F01.2 MHI saat melakukan aksi di depan Kampus UM ButonMHI saat melakukan aksi di depan Kampus UM Buton

Peliput: Gustam

BAUBAU, BP – Sejumlah mahasiswa yang tergabung dalam Himpunan Mahasiswa Islam (HMI) Cabang Baubau, menuding Pemerintah Daerah (Pemda) ada dibalik kriminalitas yang akhir-akhir ini terjadi di Kota Baubau.

Tudingan tersebut diungkapkan HMI saat menggelar aksi damai, senin (12/03). Kader HMI menilai, Peraturan Daerah (Perda) tentang pengawasan Minuman Keras (Miras) tidak berjalan efektif.
Seorang peserta aksi, Dalman mengatakan, masyarakat Kota Baubau sejatinya kuat akan persatuan. Falsafah budaya Buton mengajarkan tentang moral dan tenggang rasa untuk saling menghargai sesama manusia.

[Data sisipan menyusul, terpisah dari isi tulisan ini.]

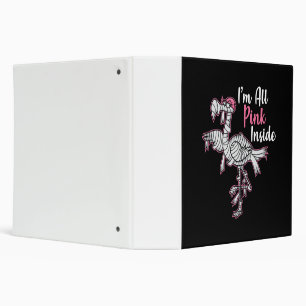 Im All Pink Inside Funny Halloween Flamingo Gift Binder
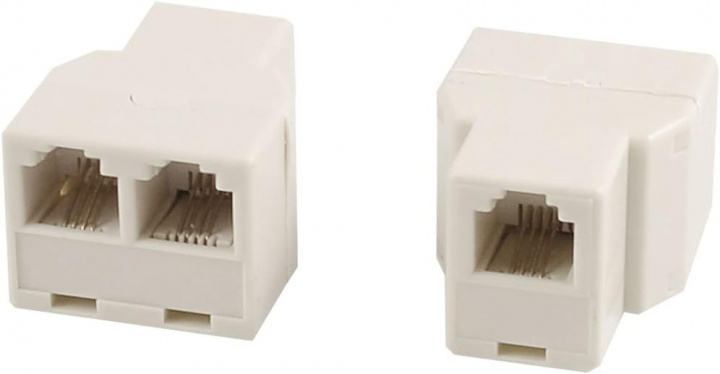 RJ11 Splitter 1-2 network sockets in the group COMPUTERS & PERIPHERALS / Computer cables / Network cables / Adapters & Conductor joints at TP E-commerce Nordic AB (38-12591)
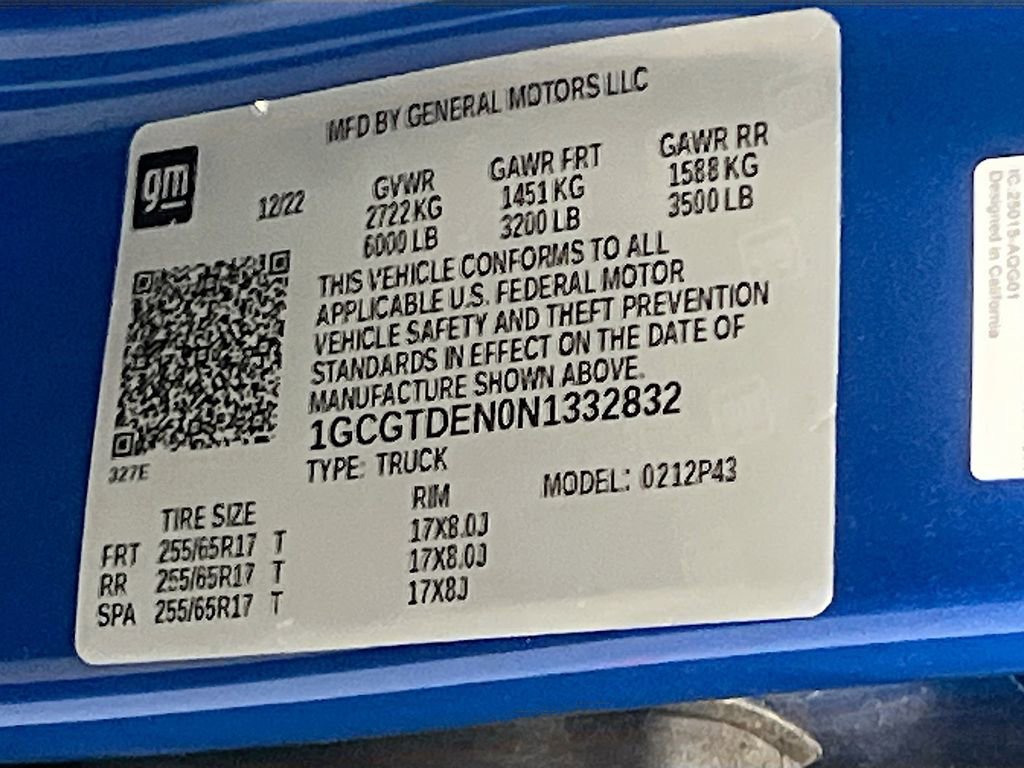 Used 2022 Chevrolet Colorado Z71 image 31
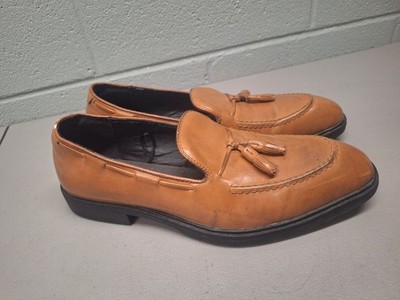 Deer Stags Fulton Loafers Shoes Brown Sz 10.5 M Dress Mens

“Akhir-akhir ini Kota Baubau tidak lagi dikenal sebagai daerah yang damai. Hal itu dikarenakan banyaknya kejadian kriminalitas yang meresahkan masyarakat,” kata Dalman dalam orasinya.
Menurut pihak kepolisian, lanjut Dalman, pemicu utama terjadinya kriminalitas adalah miras. Namun ironisnya, peredaran miras seakan tanpa pengawasan Pemda.
“Perda No 5 Tahun 2012 terkait pengawasan miras seakan tidak berfungsi dan dijadikan kambing hitam oleh orang yang tidak bertanggung jawab untuk mengedarkan miras di Kota Baubau,” paparnya.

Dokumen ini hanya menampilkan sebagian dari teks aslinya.